How can I know the 4 threads are running on the four core with OpenMP?

已答覆 How can I know the 4 threads are running on the four core with OpenMP?

  • 2010年6月11日 下午 08:24
     
     

    Hi, I have four independent function f1, f2, f3, f4 and want to put them on each core to run.

    I test a hello.c as follows:
    #include <omp.h>

    int main()
    {
      printf("Hello from serial\n");
      printf("Thread number = %d\n", omp_get_thread_num());

    #pragma omp parallel
      {
        printf("Hello from parallel, Thread number = %d\n", omp_get_thread_num());
      }
    #pragma omp parallel
      {
        printf("Hello from parallel, Thread number = %d\n", omp_get_thread_num());
      }
      printf("Hello from serial again. \n");
      return 0;
    }
    The result shows there are four threads to print "Hello",
    However, how can I know the four thread are running on the four cores ?

    Thanks a lot

所有回覆

  • 2010年6月11日 下午 09:00
     
     

    I know there are some methods to distribute the task into the threads,

    but how do I know the threads are on different cores?

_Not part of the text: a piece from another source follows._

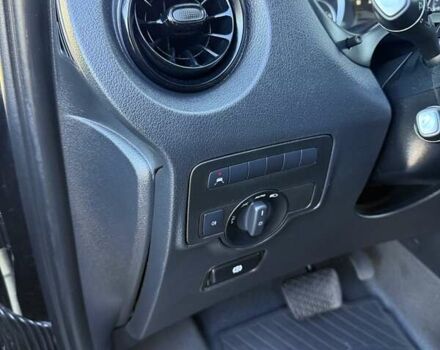 Черный Мерседес Вито, объемом двигателя 1.95 л и пробегом 225 тыс. км за 35500 $, фото 10 на Automoto.ua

    For example, I can use "sections " and "section" to different tasks on different threads,

    but I do not find the method to distribute the tasks on the cores,

    Does it mean that the OS distributes the threads on the different cores automaticly?

    Thanks a lot.

  • 2010年6月11日 下午 09:36
     
     提議的解答

    The OpenMP runtime is going to create a series of threads (a team) to execute the work you wish to run in parallel (annotated by the #pragma omp ...).  The OpenMP runtime is responsible for determining how to put work as defined through those pragmas on the threads within the team.  Most of the time, the OpenMP runtime is not going to set any specific affinity for those threads and the operating system scheduler will figure out how to place those threads when they run on logical processors -- that's its job.  On an N core system, if there are N threads runnable at a given point in time, the OS is likely to have those distributed across the N cores.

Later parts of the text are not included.